Она меня попросила сейчас же приехать, так что я села в автобус и поехала. Она жила в коммунальной квартире, и я удивилась, когда она открыла свою дверь, накинув цепочку. Там тихо сидел муж Елизаветы с искренне опечаленным видом. Они оба действительно любили Рудика, как сына. Елизавета Михайловна, плача, бегала по комнате. Потом мы пробовали звонить Пушкину, но его еще не было дома. Мы хотели, чтобы он узнал об этом от нас. У него было высокое кровяное давление, и мы боялись, что кто-нибудь неожиданно сообщит, и у него будет удар.

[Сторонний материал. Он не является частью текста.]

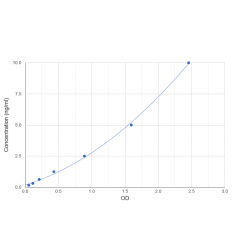 Graph showing standard OD data for Human Prosaposin (PSAP)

Он вернулся домой только в час ночи. Когда я на следующее утро наконец дозвонилась, он просто сказал: «Я уже знаю». У него подскочило давление, и он лежал в постели после сильного приступа. Ксения была в Пярну в Эстонии, и я послала ей телеграмму: «Махмудка в беде. Приезжай домой».
В течение следующих суток ленинградские друзья Рудольфа пытались извлечь смысл из слухов и справиться с потрясением. Официальная пресса ни словом не упоминала ни о Нурееве, ни о Кировском. «Мы слышали, будто его сбила машина, — вспоминает Тамара. — Потом слышали, будто его привезли в Москву и держат в сумасшедшем доме. Мы не понимали, что могло случиться». Глубокое чувство потери свело их всех вместе. Поскольку Рудольф теперь был предателем, им приходилось скрывать от других свое горе. В то же время их связь с ним была известна. Все они знали, что в любой момент можно ждать появления КГБ. Особенно беспокоился муж Елизаветы Вениамин, физик, работавший над секретным проектом.

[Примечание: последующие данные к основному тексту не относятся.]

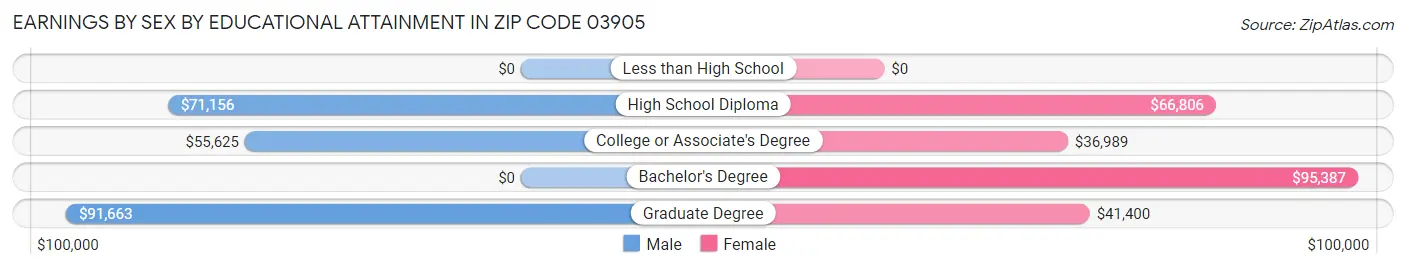 Earnings by Sex by Educational Attainment in Zip Code 03905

Люба Романкова была в романтической поездке за городом со своим другом, лыжным инструктором, когда впервые разнеслась новость. Она рассказывает, что вернулась домой в воскресенье 18 июня и услышала без умолку звонящий телефон. Родители уехали на выходные, и в квартире никого не было. «Я бросилась к телефону, натыкаясь на все предметы, и услышала, как кто-то сказал: «Руди к остался на Западе». Я стояла какое-то время словно парализованная. Я думала, что умираю, потому что считала, что никогда больше его не увижу».
Уфа
Сестру Рудольфа Розу тоже подкосила эта новость, но дозвониться в Уфу родителям было непросто. Личного телефона ни у них, ни у кого-нибудь из знакомых не имелось, и ей пришлось телеграммой просить их позвонить в Ленинград. На это ушло несколько дней. Розида отдыхала на Черном море и, вернувшись, нашла отца в «самом мрачном состоянии». Она сразу увидела, что он страдает. «На него было больно смотреть. Он был коммунистом и комиссаром, поэтому очень тяжело это переживал. Он похудел и быстро постарел. Мать реагировала по-другому. Ее одно беспокоило: есть ли Рудику на что жить. «У него хватит денег?» Вот что ее волновало».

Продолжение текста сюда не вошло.